During the year under review, no changes were made in the above policy. Salient features of this policy are enumerated in the Corporate Governance Report which forms part of the Annual Report. The above policy is available at the website of the Company at : https://www.imfa.in/pdfs/ Nomination-Remuneration-Policy.pdf

Auditors and Auditors' Report

Statutory Auditors

In terms of Section 139 of the Companies Act, 2013, read with the Companies (Audit and Auditors) Rules, 2014, Members of the Company in 57th Annual General Meeting held on 17th July, 2019 approved the appointment of M/s SCV & Co LLP, Chartered Accountants (Firm Registration No.000235N/ N500089) as the Statutory Auditors of the Company for an initial term of 5 years i.e. from the conclusion of 57th Annual General Meeting till the conclusion of 62nd Annual General Meeting of the Company. The Statutory Auditors have confirmed, they are not disqualified from continuing as Auditors of the Company.

There are no qualifications, reservations or adverse remarks or disclaimers made in their audit report.

Secretarial Auditor

The Company has appointed M/s Sunita Mohanty & Associates, Company Secretaries to conduct secretarial audit and their Report is appended to this Report as Annexure-2

There are no qualifications, reservations or adverse remarks or disclaimers made in their secretarial audit report.

Cost Auditor

Pursuant to section 148 of the Companies Act 2013, the Board of Directors on the recommendation of Audit Committee appointed M/s S S Sonthalia & Co., Cost Accountants as the Cost Auditors of the Company for the Financial Year 2021-22 and has recommended their remuneration to the Shareholders for their ratification at the ensuing Annual General Meeting. M/s S S Sonthalia & Co., Cost Accountants have given their consent to act as Cost Auditors and also certified that they are free from any disqualifications specified under Section 141 of the Companies Act, 2013. Pursuant to Companies (Cost Records and Audit) Rules, 2014, the Cost Audit Report for the financial year 2020 was filed with the Ministry of Corporate Affairs on 26th August, 2020. The Company has maintained the cost records as specified under sub-section (1) of section 148 of the Companies Act, 2013.
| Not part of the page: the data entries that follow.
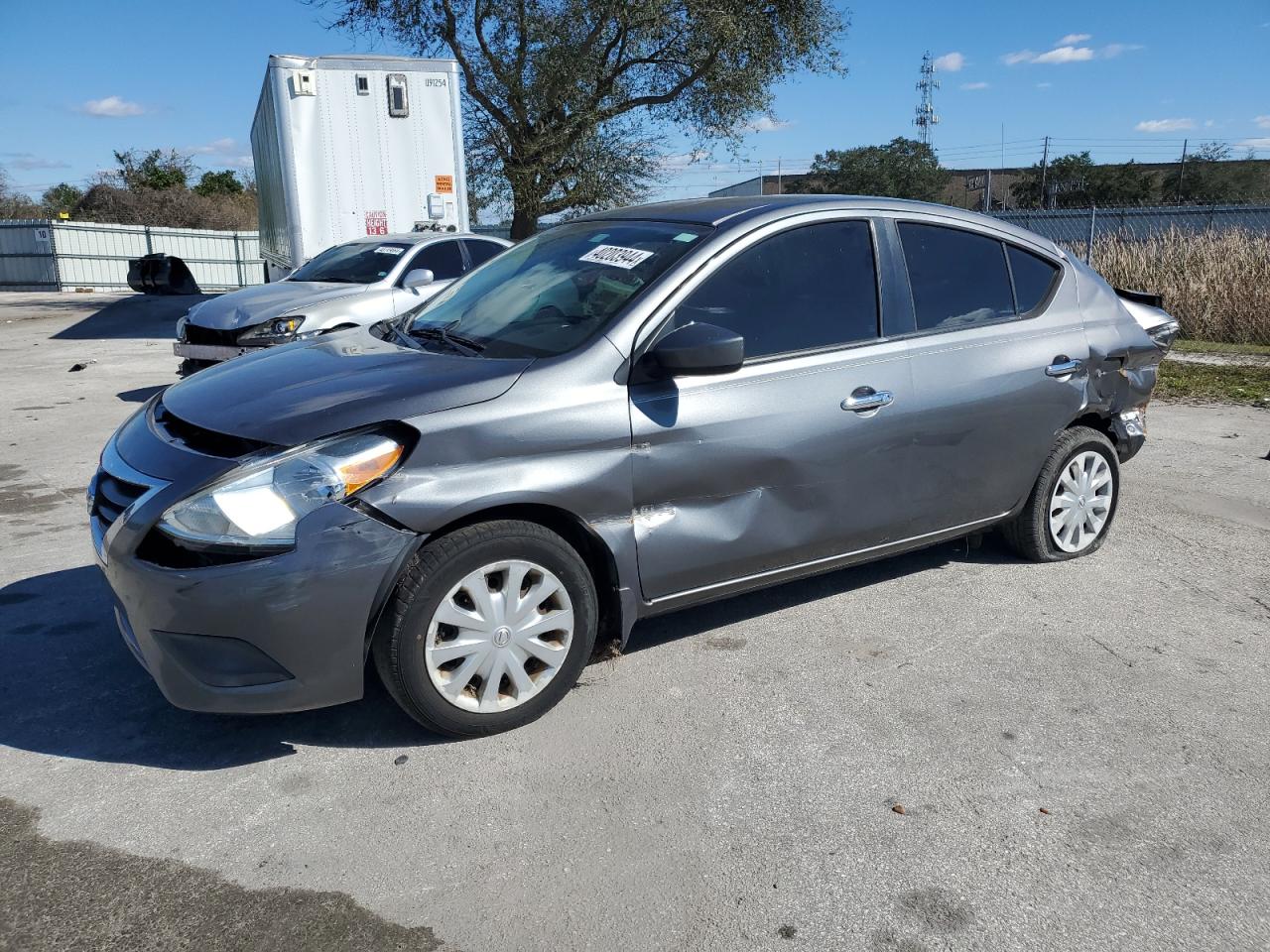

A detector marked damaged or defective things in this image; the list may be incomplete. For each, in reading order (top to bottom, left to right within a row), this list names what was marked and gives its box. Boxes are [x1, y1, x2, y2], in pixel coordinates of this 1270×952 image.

car with crushed front end [174, 230, 510, 375]
car with crushed front end [89, 195, 1178, 736]
damaged gray car [91, 195, 1178, 736]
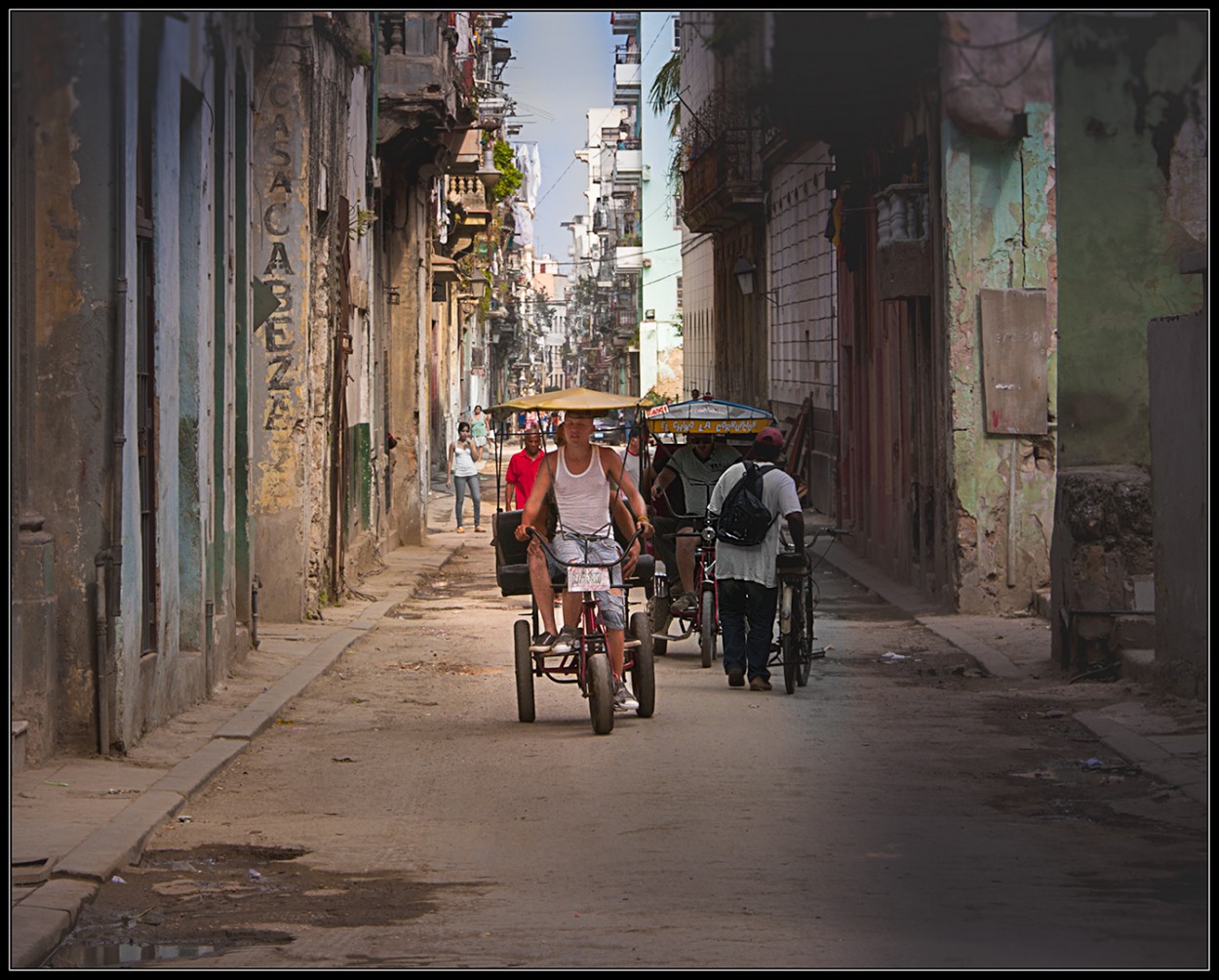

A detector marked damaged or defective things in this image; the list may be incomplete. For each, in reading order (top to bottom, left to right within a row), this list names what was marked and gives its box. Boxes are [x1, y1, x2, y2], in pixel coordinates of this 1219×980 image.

pothole in road [45, 848, 458, 970]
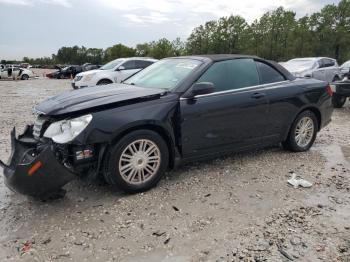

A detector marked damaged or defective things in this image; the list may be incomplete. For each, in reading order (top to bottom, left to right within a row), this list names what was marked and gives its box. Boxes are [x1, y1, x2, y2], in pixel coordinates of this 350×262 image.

crumpled hood [35, 83, 165, 116]
detached bumper piece [0, 126, 76, 196]
damaged front bumper [0, 126, 76, 196]
broken headlight [43, 114, 92, 143]
exposed wheel well [110, 124, 175, 168]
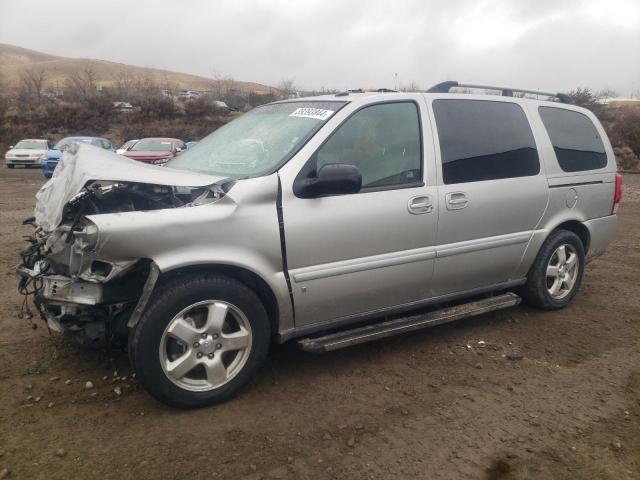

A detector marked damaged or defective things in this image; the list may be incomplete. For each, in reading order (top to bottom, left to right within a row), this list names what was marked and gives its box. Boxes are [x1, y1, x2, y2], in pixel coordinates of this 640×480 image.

damaged front end [16, 143, 230, 348]
crumpled hood [34, 142, 228, 232]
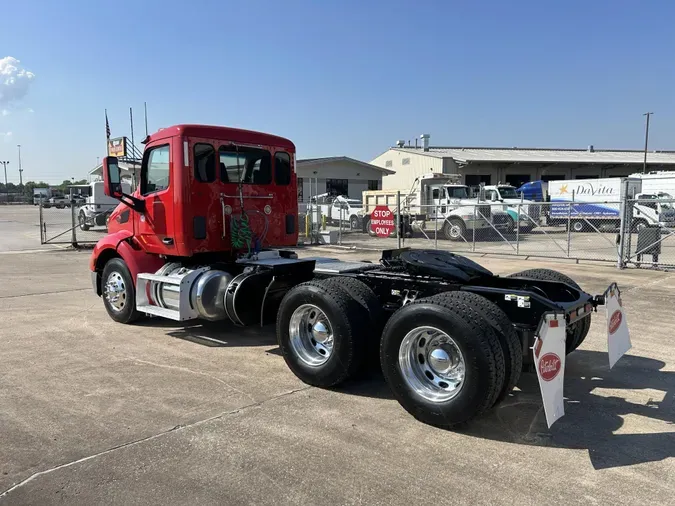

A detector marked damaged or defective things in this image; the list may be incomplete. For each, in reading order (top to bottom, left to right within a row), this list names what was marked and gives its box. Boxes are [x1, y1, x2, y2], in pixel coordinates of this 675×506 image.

asphalt crack [0, 384, 312, 498]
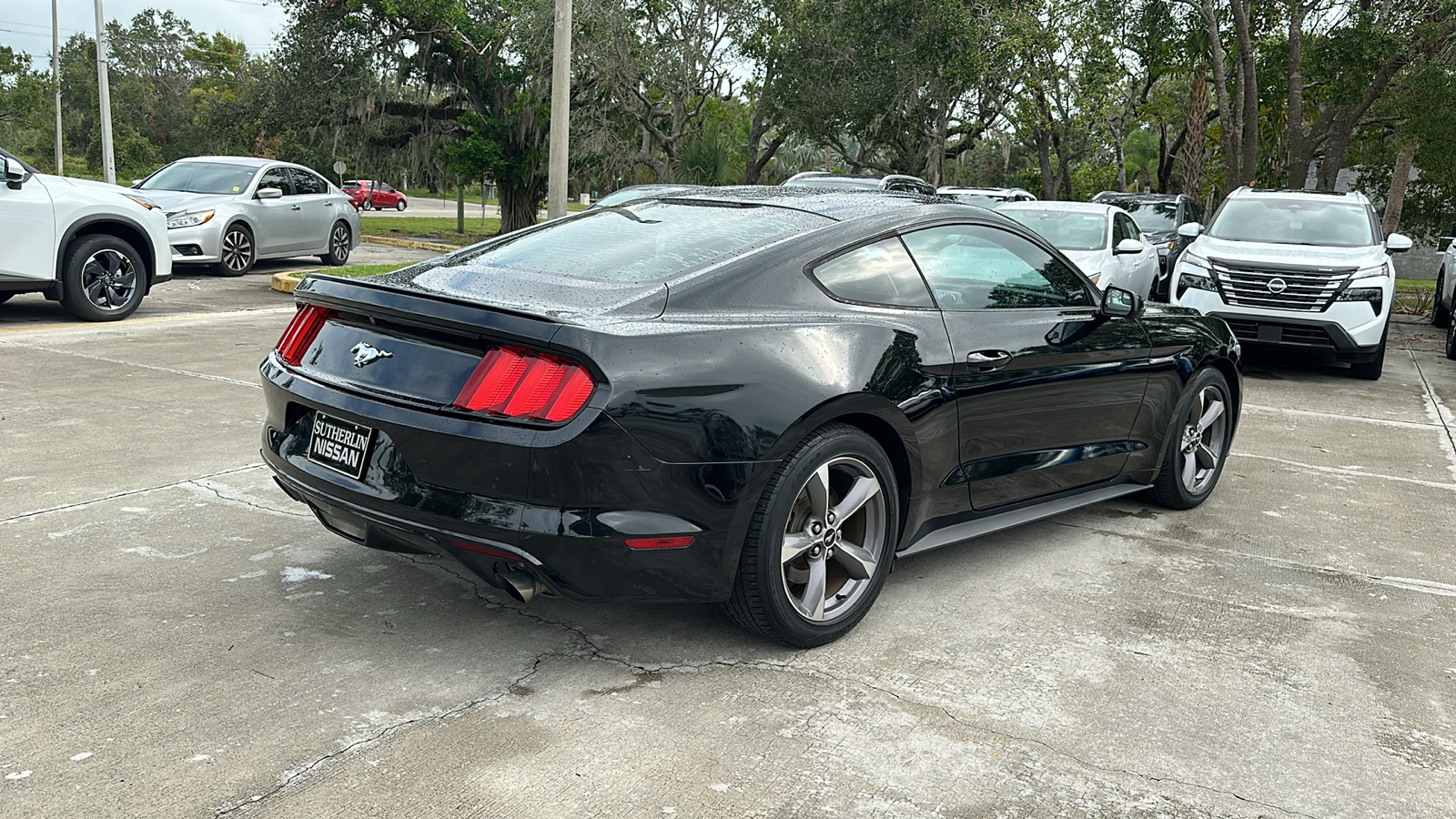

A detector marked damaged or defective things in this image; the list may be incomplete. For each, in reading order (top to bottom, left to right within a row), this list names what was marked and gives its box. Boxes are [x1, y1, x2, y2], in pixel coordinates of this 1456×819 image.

cracked pavement [3, 278, 1456, 815]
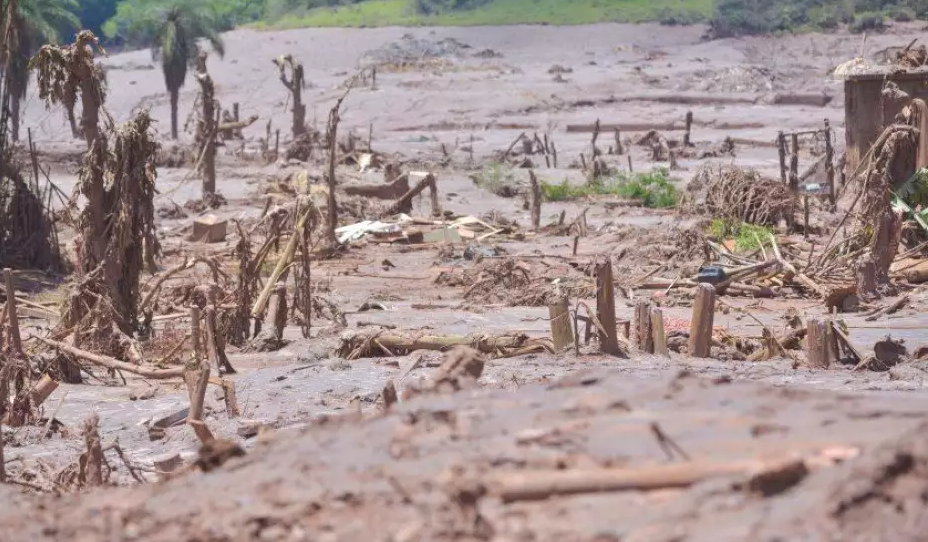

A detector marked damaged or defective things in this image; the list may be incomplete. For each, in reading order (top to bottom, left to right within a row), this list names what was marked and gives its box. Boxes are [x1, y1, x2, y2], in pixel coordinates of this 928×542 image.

broken fence post [544, 298, 572, 352]
broken fence post [596, 262, 624, 360]
broken fence post [684, 282, 716, 360]
broken fence post [804, 316, 832, 372]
Particulars of Loans, Guarantees or Investments under Section 186

The details of loans, guarantees and investments covered under the provisions of Section 186 of the Companies Act,

2013 are given in the notes to the Financial Statements forming part of Annual Report.

Particulars of Contracts or Arrangements with Related Parties

There are no contracts/arrangements/transactions which are not at arm's length basis and there are no material contracts/arrangements/transactions which are at arm's length basis. Accordingly, particulars of contracts or arrangements with related parties referred to in Section 188(1) along with the justification for entering into such contract or arrangement in Form AOC-2 does not form part of the report.

Material Changes and Commitments Affecting The Financial Position of The Company

There are no material changes and commitments affecting the financial position of the Company which have occurred between the end of the financial year to which the financial statements relate and the date of the report.

Energy Conservation, etc.

The information required under section 134 of the Companies Act, 2013 read with Companies (Accounts) Rules, 2014 are set out in Annexure- 3 hereto forming part of this report.

Risk Management Policy

The Company has a Risk Management framework in place which is designed to identify, assess and monitor various risks related to key business and strategic objectives and lead to the formulation of a mitigation plan. All identified risks are categorised based on a matrix of likelihood of

occurrence and impact thereof and a mitigation plan is worked out to the extent possible. Major risks in particular are monitored regularly at meetings of the Executive Risk Committee and the Board of Directors of the Company is kept abreast of such issues.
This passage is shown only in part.